Buffalo and Blue Cheese Stuffed Mushrooms


Here is another recipe that I made for my wife’s party, partly to “clean it out” of my stash. This comes from a magazine (sadly, I can no longer remember which one) and it has been sitting around since about Easter. Making stuffed mushrooms just isn’t something you make for a random dinner so I needed a larger party to make them.

Ultimately, I think these turned out very well. They had just the right amount of heat although some had a little bit more depending on how much of the sauce wound up in each mushroom. While you mix it up very well, I think the blue cheese, which has varying shapes of crumbles, hindered the mixing process a little bit resulting in some having more or less. But, it worked out.

I can take or leave the extra bread crumbs on the top (it does call for Panko but I used plain bread crumbs). It wasn’t bad but I think you could just as easily leave it off.

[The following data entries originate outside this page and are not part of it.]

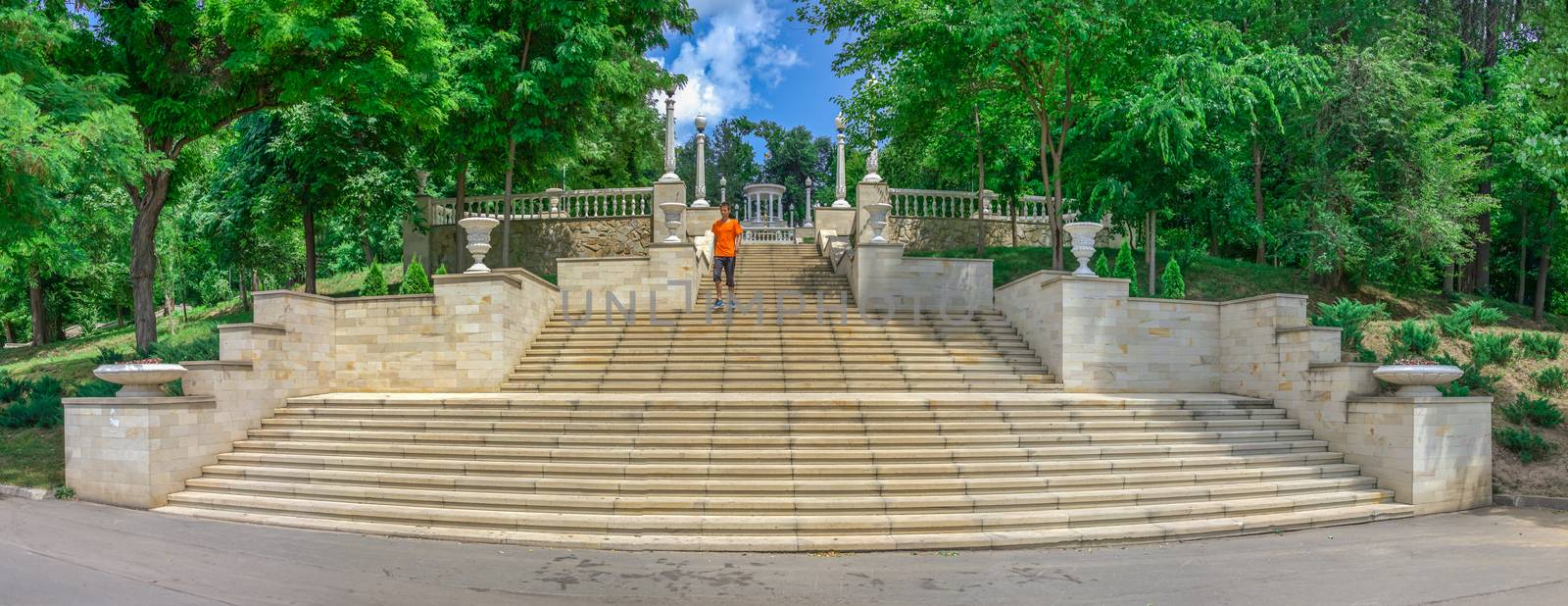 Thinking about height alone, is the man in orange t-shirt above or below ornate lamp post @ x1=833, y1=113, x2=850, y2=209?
below

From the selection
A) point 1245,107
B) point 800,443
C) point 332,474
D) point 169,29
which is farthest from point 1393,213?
point 169,29

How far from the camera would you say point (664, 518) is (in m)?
8.11

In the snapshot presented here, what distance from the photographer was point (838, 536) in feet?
25.8

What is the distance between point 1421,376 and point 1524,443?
2.76 meters

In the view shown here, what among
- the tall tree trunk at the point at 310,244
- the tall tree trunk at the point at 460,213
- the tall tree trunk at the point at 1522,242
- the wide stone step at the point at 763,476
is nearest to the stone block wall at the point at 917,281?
the wide stone step at the point at 763,476

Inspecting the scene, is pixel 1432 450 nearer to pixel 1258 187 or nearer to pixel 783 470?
pixel 783 470

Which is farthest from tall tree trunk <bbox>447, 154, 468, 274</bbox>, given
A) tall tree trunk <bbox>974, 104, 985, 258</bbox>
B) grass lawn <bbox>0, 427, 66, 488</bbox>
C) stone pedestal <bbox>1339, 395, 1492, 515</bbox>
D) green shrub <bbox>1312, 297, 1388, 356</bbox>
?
stone pedestal <bbox>1339, 395, 1492, 515</bbox>

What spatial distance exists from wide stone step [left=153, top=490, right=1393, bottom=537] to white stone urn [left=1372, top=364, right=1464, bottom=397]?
2.17 metres

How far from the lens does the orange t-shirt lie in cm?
1600

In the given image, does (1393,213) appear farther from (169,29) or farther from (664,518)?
(169,29)

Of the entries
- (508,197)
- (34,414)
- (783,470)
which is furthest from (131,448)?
(508,197)

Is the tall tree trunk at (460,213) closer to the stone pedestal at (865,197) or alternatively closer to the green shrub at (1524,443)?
the stone pedestal at (865,197)

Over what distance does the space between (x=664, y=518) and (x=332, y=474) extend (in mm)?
4183

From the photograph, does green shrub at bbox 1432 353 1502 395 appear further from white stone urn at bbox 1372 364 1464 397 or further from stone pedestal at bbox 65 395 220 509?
stone pedestal at bbox 65 395 220 509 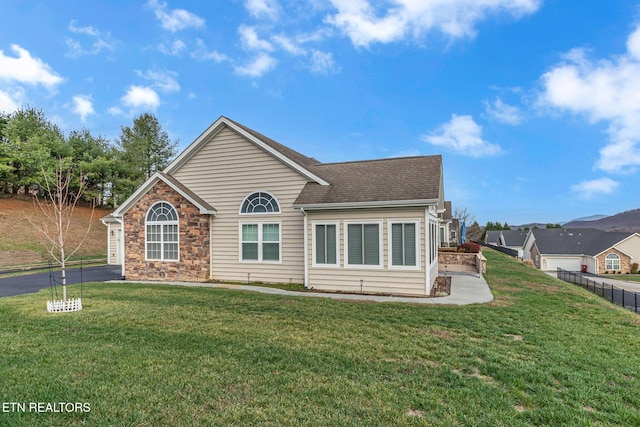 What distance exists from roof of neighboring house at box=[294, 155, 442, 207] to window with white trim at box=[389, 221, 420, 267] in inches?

The recipe calls for 20 mushrooms and tells you to take two and chop them up for the filling. Simple math tells you that this then makes 18 stuffed mushrooms. Well, I wound up making about 24 and that didn’t include chopping any up and I still had some of the filling left over. I started out being a little picky on which ones I was going to use and had about 16 or so that were pretty good for filling up. So, I chopped up the stems from those and combined those with the onion (again, it called for shallots but, come on, using an onion is just so much easier). Those mushroom stems, along with everything else wound up being enough filling for about 24 mushrooms. AND, I still had a little bit left over. So keep that in mind when making. It seems a little goes along way.

Here is the recipe as written in the magazine.

20 button mushrooms
3/4 cup chopped shallots
2 TBSP butter
1/2 pound crumbled blue cheese
1/4 cup hot sauce
1/2 cup Panko, plus more for the topping

Preheat oven to 375 degrees. Clean mushrooms and remove stems. Chop the stems and two of the mushrooms. Chop the shallots. Melt butter in a pan over medium heat. Add shallots and sauté until translucent. Add the mushrooms and sauté until soft. Remove the pan from the heat and stir in the hot sauce, blue cheese and Panko. Stir until smooth.

Brush a cookie sheet with olive oil. Arrange mushrooms on the sheet and fill each with a spoonful of the filling, letting it mound slightly. Sprinkle the mushrooms with Panko. Bake for 18-20 minutes or until the mushrooms are soft. Serve with additional hot sauce if desired.